Ja miałem koleżankę w klasie, która świetnie naśladowała głos mojej mamy i zadzwoniła raz do szkoły, że jestem chory i nie przyjdę. Ale potem się wydało i przez tydzień byłem udu…y w domu 🙂
Ale dreszczyk emocji był.
Po prostu nie idź do szkoły – idź na wagary. Jak raz czy dwa razy pójdziesz, może nikt się nie połapie.
-
Żeby nie iść do szkoły można zjeść surowe mięso po zjedzeniu
zaczyna bolec brzuch i się ma rozwolnienie
Lepiej surowego ziemniaka zamiast surowego mięsa. Z surowego mięsa można złapać pasożyty. I potem leczenie jest długie i organizm wymęczony.
Surowe mięso to bardzo niebezpieczna zabawa, mogą się dostać do organizmu bardzo szkodliwe bakterie.
Lepiej zjeść surowego ziemniaka.
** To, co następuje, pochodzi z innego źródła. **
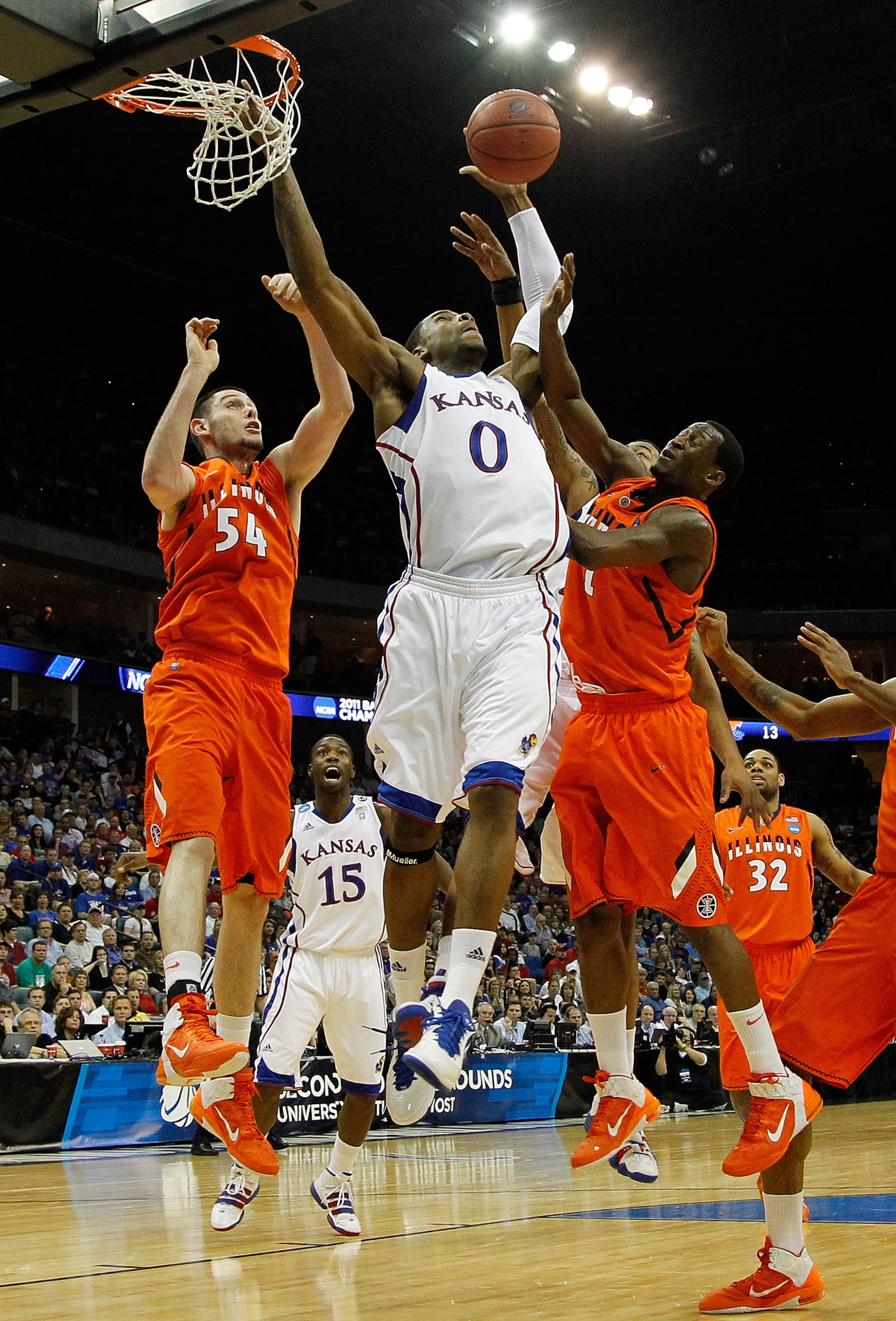 TULSA, OK - MARCH 20:  Thomas Robinson #0 of the Kansas Jayhawks goes up for a shot against Mike Tisdale #54 and D.J. Richardson #1 of the Illinois Fighting Illini during the third round of the 2011 NCAA men's basketball tournament at BOK Center on March 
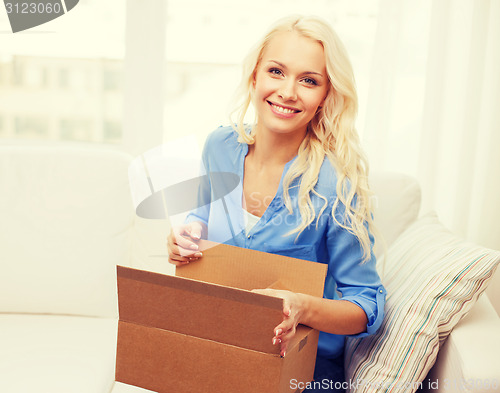 Image of smiling young woman opening cardboard box at home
Wtedy jest gorączka, ale nic poważnego raczej się nie stanie.
Mnie się udało w ten sposób, że zacząłem kuśtykać. Powiedziałem mamie, że boli mnie bardzo stopa od spodu (mój kolega miał coś takiego naprawę, ale przeszło mu po paru dniach).
Mama pozwoliła mi nie iść do szkoły tego jednego dnia, na drugi dzień już poszedłem i udawałem, że mniej kuleję.
Wagary to też dobry sposób, ale tylko jednorazowo. Czasami po prostu to nauczyciele przegapią i tyle. Ale jak się chce nie iść kilka dni, to trzeba coś zasymulować.
Co powiedzieć rodzicom, żeby nie iść do szkoły? Z mojego doświadczenia wynika, że najlepiej powiedzieć prawdę. Rodzice może jakoś pomogą, zrozumieją, doradzą. Gdy mój syn próbuje ściemniać, widzę to na kilometr. Nauczył się mówić prawdę i nigdy tego nie żałuje.